The liquid level detection device 27a measures the level of a liquid surface of the surplus refrigerant accumulated in the accumulator 26a (S11). Next, the liquid level detection device 27a calculates the amount of the refrigerant from the measured level of the liquid surface (S12). Then, the liquid level detection device 27a outputs the calculated amount of the refrigerant to the controller 4a (S13).

Specifically, the liquid level detection device 27a calculates a volume of the liquid refrigerant from the level of the liquid surface of the surplus refrigerant accumulated in the accumulator 26a and specifications (for example, internal volume) of the accumulator 26a. FIG. 9 is a diagram illustrating an example of a relationship between the level of the liquid surface that is measured by the liquid level detection device 27a and the volume of the refrigerant accumulated in the accumulator, according to the embodiment.

The refrigerant has characteristics in which a density ρ [kg/m³] varies depending on a pressure P measured by the pressure measurement device 28a. The liquid level detection device 27a determines the amount of the refrigerant, using an equation (1) below.
Volume [L]×ρ(P)=refrigerant amount [kg]  (1)
where ρ (P) is a density determined from the pressure P.

When in step S1, the amount of refrigerant in the accumulator 26a is calculated, the refrigerant differential amount calculation unit 51a of the controller 4a calculates the differential amount between the amount of the surplus refrigerant accumulated in the accumulator 26a that is calculated by the liquid level detection device 27a and the amount of refrigerant in the accumulator 26b of the outdoor unit 2b (S2).

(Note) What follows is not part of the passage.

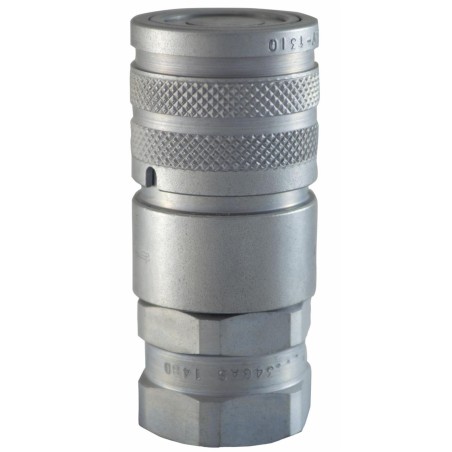 Innesto rapido faccia piana Faster femmina 18x1,5 (12l) dimensione nominale 3/8â€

Specifically, the following equations are satisfied:
differential amount Δ of refrigerant=A−B
necessary movement amount=Δ/2
where A is the liquid amount [kg] of the refrigerant that is calculated by the liquid level detection device 27a of the compressor 21a of the outdoor unit 2a, and B is the liquid amount [kg] of the refrigerant that is calculated by the liquid level detection device 27b of the compressor 21b of the outdoor unit 2b.

The following description is made re-referring to FIG. 4.

The refrigerant differential amount calculation unit 51a determines whether the refrigerant differential amount calculated in step S2 is zero or not (S3). In the case where in step S3, it is determined that the refrigerant differential amount is zero (YES in S3), the processing ends without performing the liquid equalization control.

In contrast, in the case where in S3, it is determined that the refrigerant differential amount is not zero (NO in S3), the liquid equalization control unit 52a performs the liquid equalization control of the surplus refrigerant accumulated in the accumulator 26a (S4).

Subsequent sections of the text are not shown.